Client should translate a "logical put" into a set of put RPCs issued against all of the replicas (concurrently, or not is your choice). The client must block until all of the replicas have processed these RPCs (it should not issue any other RPC to any replica while servicing a logical put). If a replica fails while a client is waiting on it to process a put RPC, the client should ignore the replica (i.e., not re-issue the put RPC to it).
All logical operations must be serialized at the client. For example, the client cannot issue a Disconnect before a Put returns (this is done to simplify things :-)

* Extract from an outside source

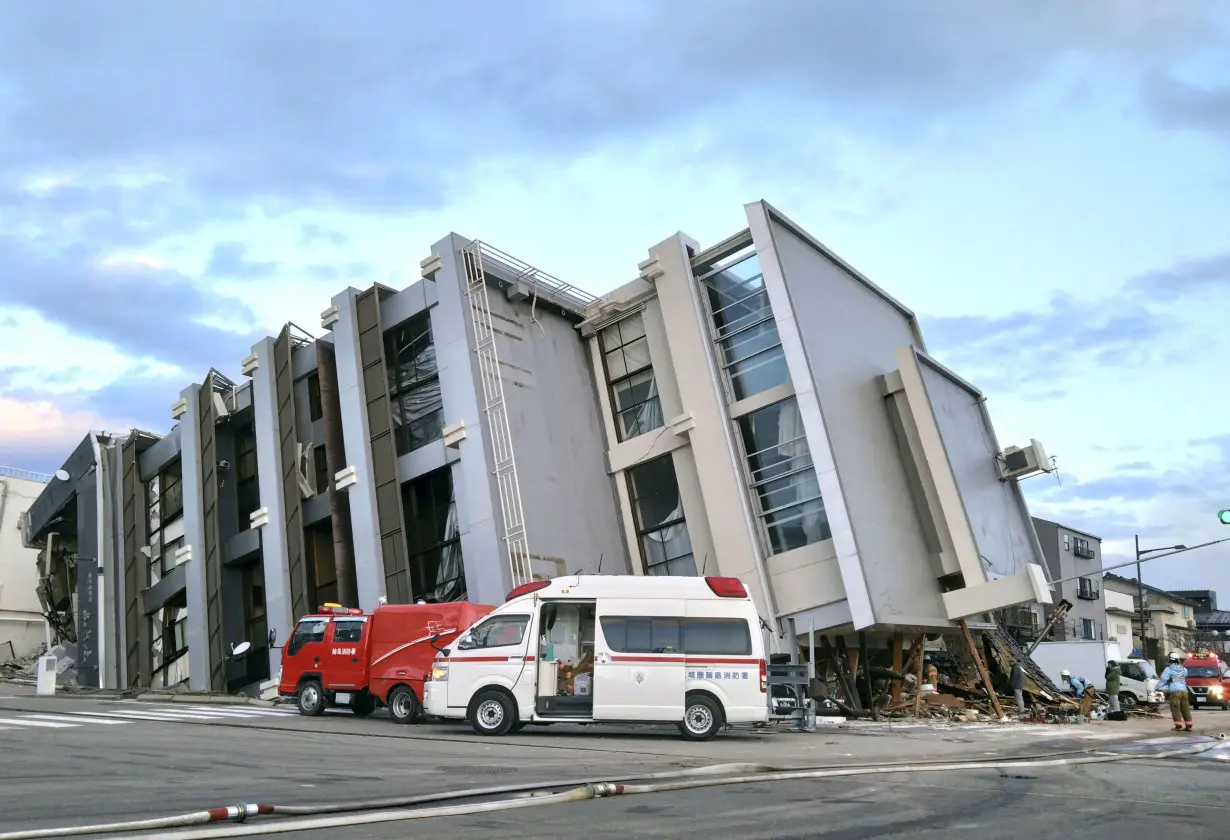 Japan quake toll rises to 55 with many trapped under possibly thousands of homes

Maintaining lamport clocks:

Clients should increment their local Lamport clocks at least before each replica RPC invocation, although you can increment them at a faster rate, if you'd like. Note that the ClockUpdate RPC triggers periodically, depending on the clock-update-rate command line argument given to the client.
Note that the replicas do not participate in lamport clock maintenance (they passively observe clock values to order client operations, but do not need to maintain them themselves, nor pollute the client's clock space with their own values/updates).

Deliverables

An email to Ivan with a link to your UBC git repository with your code.
Your code repository should include a README file that:

Explains your system design
Describes how to set up your system and run it on a Linux machine

Note: you do not have to deploy/test your assignment on Azure. Testing on your local machine and department servers is sufficient.

Honesty guidelines: You should do your work individually. Make sure to follow the course collaboration policy and refer to the assignments instructions that detail how to submit your solution.